Difficile, a questo punto, pensare a una bufala. Semmai si è di fronte ad una bomba politica ancor più che economica. Sia in America sia in Italia dove, per la verità, non sembra ci siano troppi appigli per influire sull’eventuale scelta di John Elkann di vendere – con l’eccezione di Maserati e Alfa – gli asset di Fiat che oggi risulta essere una società che ha sede legale in Olanda, residenza fiscale nel Regno Unito e realizza la maggior parte della produzione e dei profitti in nord America. Per questo Marco Bentivogli, segretario generale della Fim-Cisl in un suo intervento fa appello alla saggezza dei vertici perché respingano quella che “industrialmente sarebbe una follia”. “Un conto – dice il sindacalista – è consolidarsi a livello mondiale in alleanza con player con  grande capacità finanziaria e industriale, altro è cedere gran parte del gruppo per mantenere Alfa Romeo e Maserati. Questa seconda ipotesi  non sta in piedi, avrebbe pesanti ricadute su molti stabilimenti italiani”. Un parere legittimo, ma debole: in questo caso, probabilmente, nemmeno la legge che Carlo Calenda sta mettendo a punto per proteggere l’industria italiana dallo shopping di Pechino potrebbe servire a proteggere l’identità di un gruppo che, pur avendo un grande valore per la bilancia commerciale e per la produzione industriale tricolore, italiano non è più.

 

La vera partita politica in questo caso si giocherà, se si giocherà, a Washington.
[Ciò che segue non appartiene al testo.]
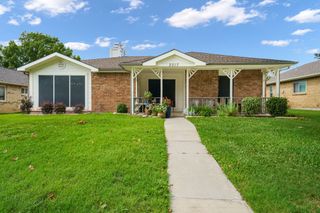 2017 Stein Way, Carrollton, TX 75007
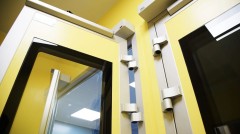 Двухстворчатые и одностворчатые дверные системы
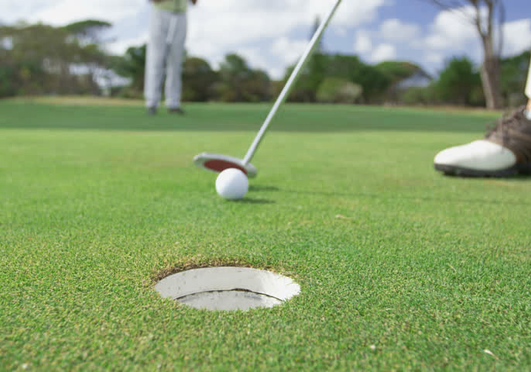 Hogyan fejleszt az üzletben a golf?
Un eventuale acquisto di Fca dovrà ricevere il via libera del Cfius, organismo americano di cui fanno parte i rappresentanti di nove ministeri, che deve valutare le operazioni di compravendita sul territorio degli Stati Uniti. Ovvero le avances cinesi a Marchionne, che per due anni ha cercato invano di maritare il gruppo con General Motors, dovranno passare al vaglio di Donald Trump che proprio in questi giorni ha riaperto il dossier delle sanzioni contro Pechino, accusata di violare le regole della proprietà intellettuale. Non sembra il momento ideale per lo sbarco dell’industria dell’Auto di Pechino negli Stati Uniti. Anzi, c’è chi ipotizza la “bomba” di Ferragosto possa aver l’effetto di rilanciare l’alleanza tra Gm e la possibile “preda” Fca. Andrà così? Nulla, a questo punto, si può escludere. Nemmeno che Trump, a sorpresa, apra ai pretendenti in arrivo da oriente. Purché i manager in arrivo da Pechino portino investimenti e nuovi posti di lavoro. Una prospettiva ben più allettante dei tagli che probabilmente, accompagnerebbero le nozze tra Marchionne e Mary Barra, ceo di Gm. E’ la globalizzazione, signori.